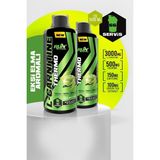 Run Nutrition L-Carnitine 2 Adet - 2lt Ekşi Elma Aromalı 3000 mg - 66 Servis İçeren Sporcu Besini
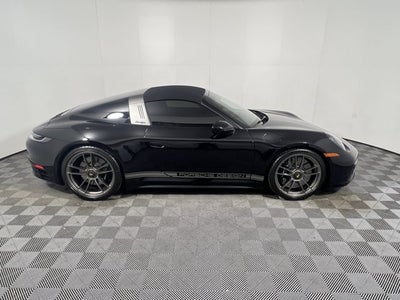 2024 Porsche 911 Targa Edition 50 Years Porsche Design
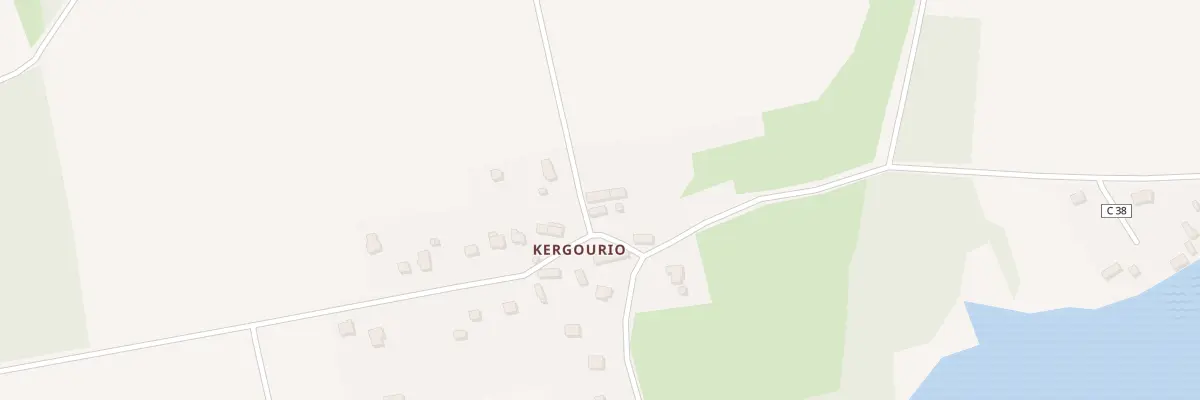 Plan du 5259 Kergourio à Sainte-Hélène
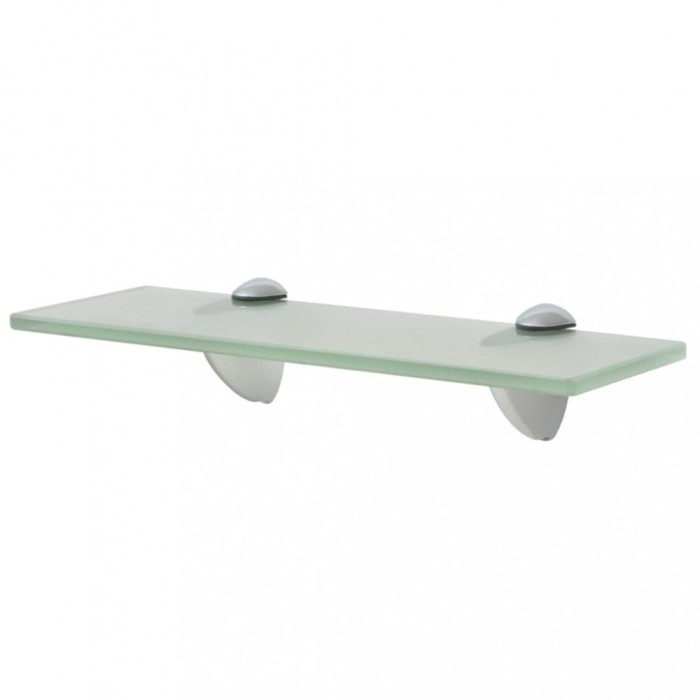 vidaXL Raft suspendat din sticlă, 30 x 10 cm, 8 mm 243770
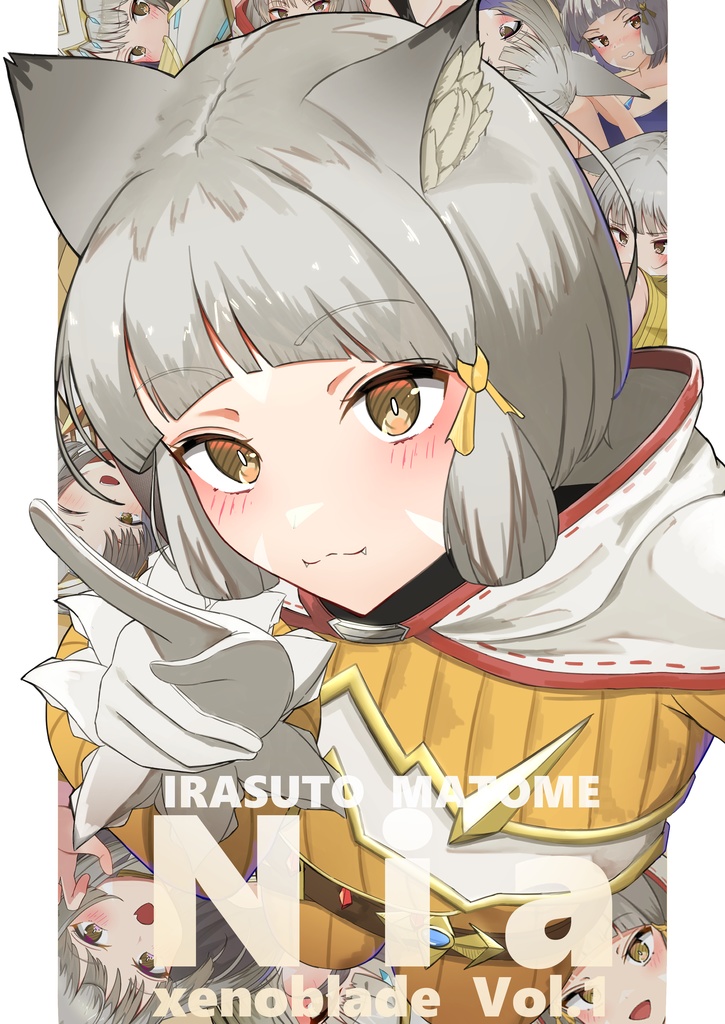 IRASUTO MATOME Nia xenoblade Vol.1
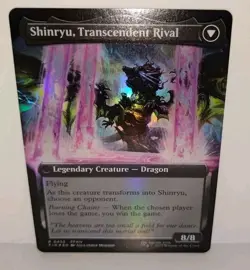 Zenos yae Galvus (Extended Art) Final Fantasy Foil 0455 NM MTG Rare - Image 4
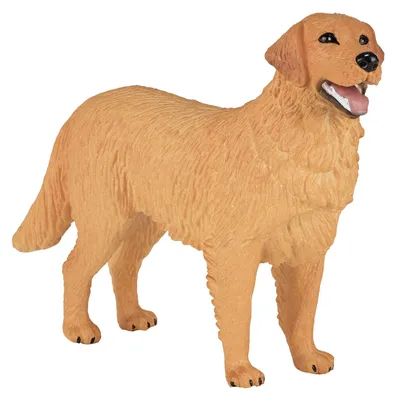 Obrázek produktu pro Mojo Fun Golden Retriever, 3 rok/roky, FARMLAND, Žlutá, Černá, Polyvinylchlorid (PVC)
---+---
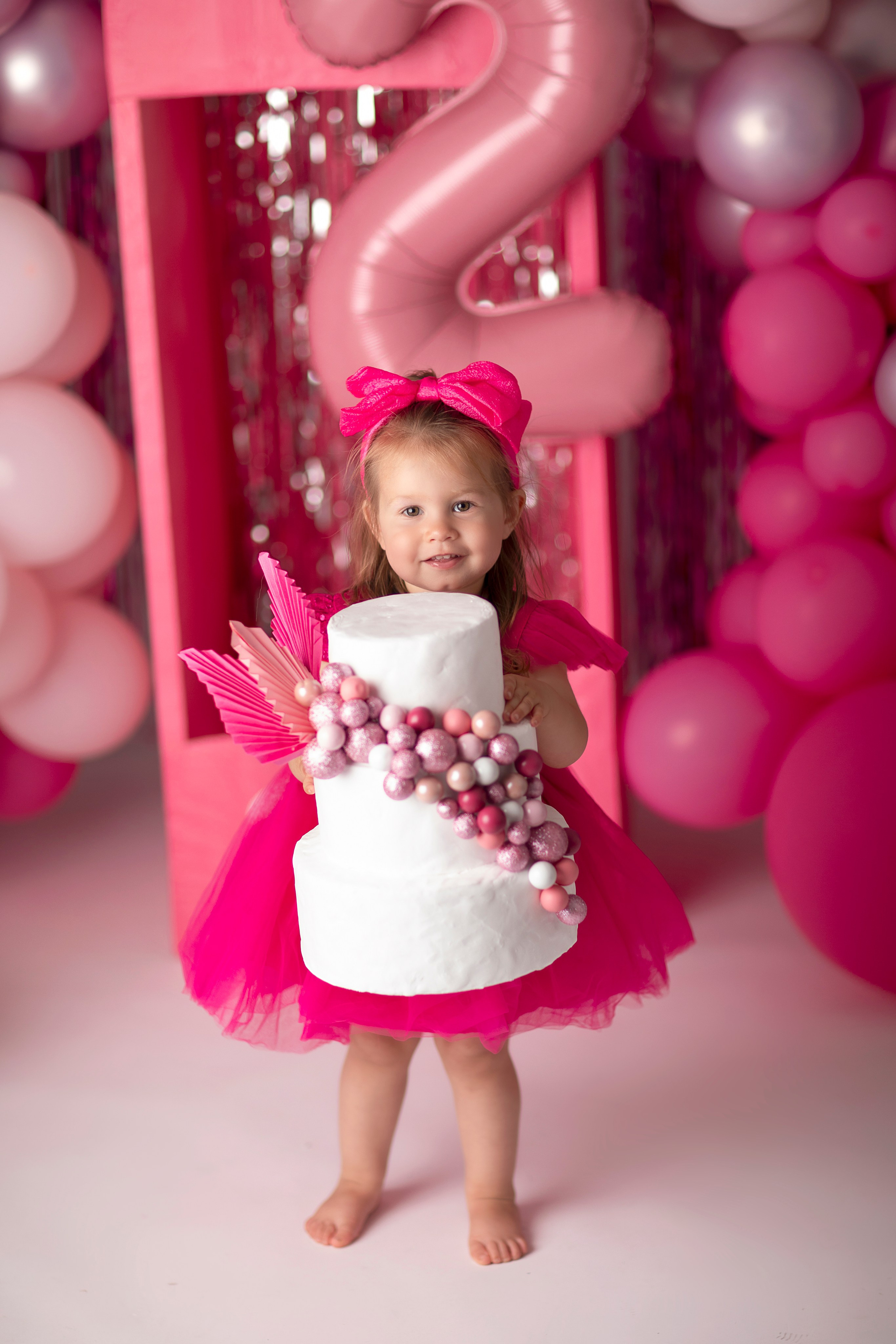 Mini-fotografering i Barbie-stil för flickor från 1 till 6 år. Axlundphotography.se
---+---
* _Task goal_:
Please transcribe exactly the part of the records that opens with the line containing "Run Nutrition L-Carnitine" and closes with the line containing "Obrázek produktu pro", both ends included, and leave out the pictures.

* _Exercise solution_:
 Run Nutrition L-Carnitine 2 Adet - 2lt Ekşi Elma Aromalı 3000 mg - 66 Servis İçeren Sporcu Besini
 2024 Porsche 911 Targa Edition 50 Years Porsche Design
 Plan du 5259 Kergourio à Sainte-Hélène
 vidaXL Raft suspendat din sticlă, 30 x 10 cm, 8 mm 243770
 IRASUTO MATOME Nia xenoblade Vol.1
 Zenos yae Galvus (Extended Art) Final Fantasy Foil 0455 NM MTG Rare - Image 4
 Obrázek produktu pro Mojo Fun Golden Retriever, 3 rok/roky, FARMLAND, Žlutá, Černá, Polyvinylchlorid (PVC)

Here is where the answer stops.